10 of the Most Satisfying Times Somebody Really Stuck it to Hitler

10 of the Most Satisfying Times Somebody Really Stuck it to Hitler

Khalid Elhassan - January 21, 2018

10 of the Most Satisfying Times Somebody Really Stuck it to Hitler
George Patton, commander of the fictitious First US Army Group (FUSAG), and one of FUSAG’s inflatable dummy tanks. Pintrest

Allied Intelligence Keeps Hitler Waiting for an Invasion That Never Came

The Western Allies’ planned amphibious invasion of France in WWII was going to be a risky affair, that could easily end in disaster. Landing troops in Normandy would just be the start of it. Ultimate success would depend on whether the Allies would be able to pour enough troops into their Normandy beachhead to make it invulnerable to counterattack, or whether the Germans would be able to nip the beachhead in the bud.

The Germans had many troops in France, and powerful panzer divisions near Normandy that could be concentrated against the Allied beachhead before it was secure. It was going to be iffy, so before giving the go ahead for D-Day, Dwight D. Eisenhower, the Western Allies’ supreme military commander in Europe, prepared a statement accepting all responsibility in case of failure.

Time for an Allied buildup in Normandy was going to be a precious commodity. To buy that time, Allied intelligence came up with Operation Bodyguard, a multifaceted and complex plan to deceive Hitler about the time and location of the invasion of Europe in 1944. The plan had three goals. First, conceal the actual time and date of the invasion. Second, convince the Germans that the main invasion would land in the Pas de Calais. Third, convince the Germans after the Normandy landings to maintain a strong defense in the Pas de Calais for at least two weeks, rather than send its defenders to Normandy.

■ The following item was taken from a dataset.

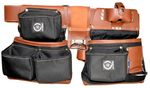 TS Canvas & leather heavy duty double tool pouch work belt with leather belt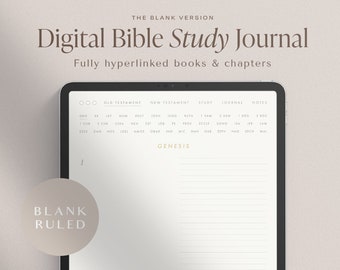 Digital Bible Study Journal Template – Ruled – Portrait – Hyperlinked Books & Chapters – Faith Journal – GoodNotes Blank Journaling Bible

A sub-plan of Bodyguard was Operation Fortitude, which created a fictitious “First US Army Group” (FUSAG) in southeast England under the command of general George S. Patton. Various means were used to sell Hitler and his generals on FUSAG’s existence. Fake radio traffic was used between fictitious FUSAG units. German reconnaissance planes were allowed to fly over and photograph concentrations of FUSAG tanks and transports that in actuality were just inflatable dummies. German intelligence was fed fake reports via double agents and turned spies about FUSAG’s intentions to invade the Pas de Calais, in order to tie down the German defenders there. A subsidiary, Fortitude North, created a fictitious British Fourth Army in Scotland, and convinced the Germans that it planned to invade Norway in order to tie down German defenders there.

After D-Day, Bodyguard succeeded in convincing the Germans that the Normandy landings were not the main event, but the first in a series of landings. Hitler was thus led to keep units guarding other potential landing sites. Especially the Pas de Calais, which was threatened by the fictitious FUSAG under Patton. Bodyguard had hoped to convince the Germans to stay put in the Pas de Calais for two weeks after D-Day, instead of immediately sending the units there to reinforce Normandy. The plan worked so well that the Germans stayed put in the Pas de Calais for seven weeks instead of the hoped-for two. That allowed the Allies time to build a beachhead in Normandy, before breaking out to liberate France and Western Europe. As Winston Churchill put it in his memoirs: “In wartime truth is so precious, that she should always be attended by a bodyguard of lies“.